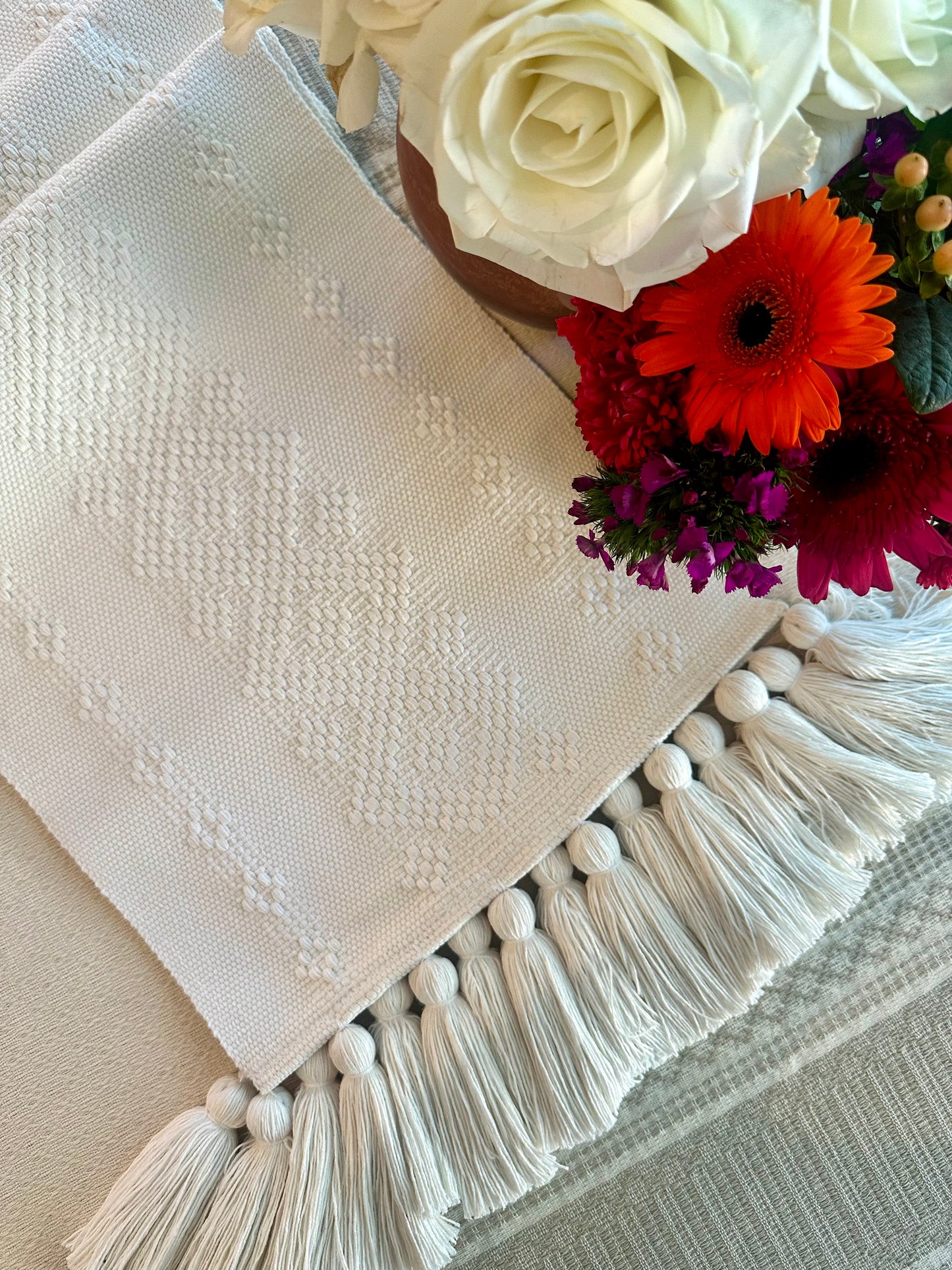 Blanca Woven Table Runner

...

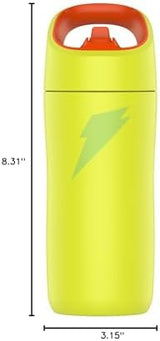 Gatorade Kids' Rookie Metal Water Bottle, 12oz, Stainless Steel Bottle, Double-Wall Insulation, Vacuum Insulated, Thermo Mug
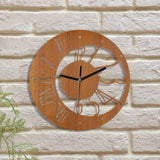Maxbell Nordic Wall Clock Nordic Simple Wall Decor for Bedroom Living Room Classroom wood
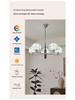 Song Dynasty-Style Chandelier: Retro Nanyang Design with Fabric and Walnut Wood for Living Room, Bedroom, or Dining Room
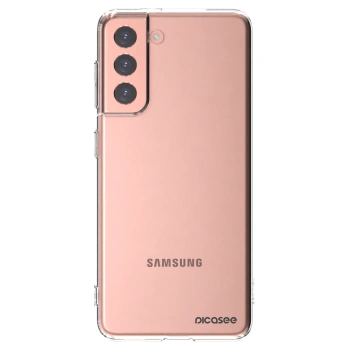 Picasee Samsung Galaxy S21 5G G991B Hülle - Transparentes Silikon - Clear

■ Task goal
Using the entries above, transcribe exactly from the line that has "Song Dynasty-Style Chandelier: Retro" through the line that has "Picasee Samsung Galaxy". Pictures are dropped.

■ Solved exercise
 Song Dynasty-Style Chandelier: Retro Nanyang Design with Fabric and Walnut Wood for Living Room, Bedroom, or Dining Room
 Picasee Samsung Galaxy S21 5G G991B Hülle - Transparentes Silikon - Clear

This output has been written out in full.